(Exercise description) Could you repeat the entries below exactly, but only from the line with "Igor et les" through the line with "Zaha Hadid: An", and without any picture?

=== Data ===

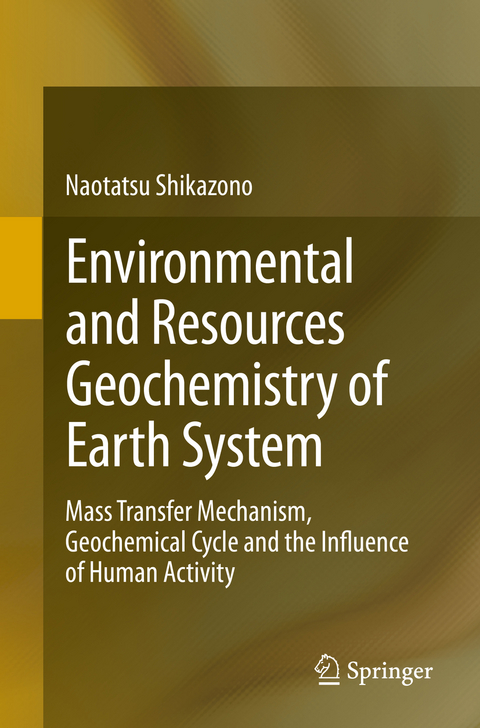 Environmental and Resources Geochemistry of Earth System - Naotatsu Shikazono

===
=== Data ===

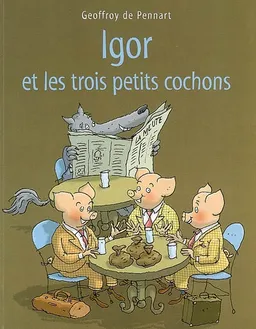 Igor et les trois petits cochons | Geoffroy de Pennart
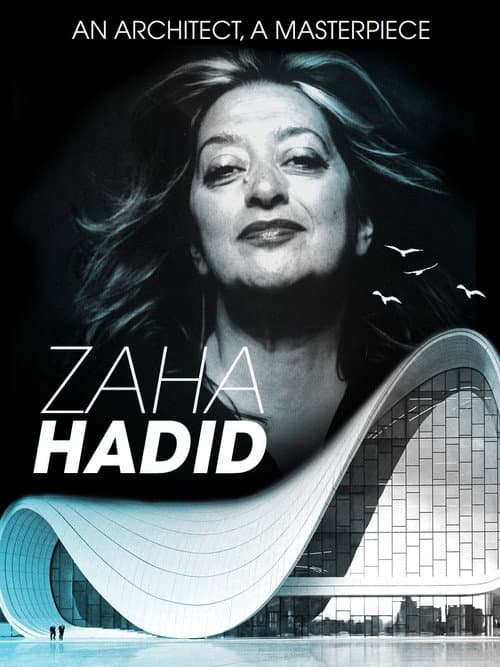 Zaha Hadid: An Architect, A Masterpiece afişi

===
=== Data ===

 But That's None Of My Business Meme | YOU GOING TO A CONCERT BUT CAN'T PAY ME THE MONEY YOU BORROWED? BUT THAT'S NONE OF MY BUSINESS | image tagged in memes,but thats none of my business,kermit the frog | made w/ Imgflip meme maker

===

(Solution to the exercise)
 Igor et les trois petits cochons | Geoffroy de Pennart
 Zaha Hadid: An Architect, A Masterpiece afişi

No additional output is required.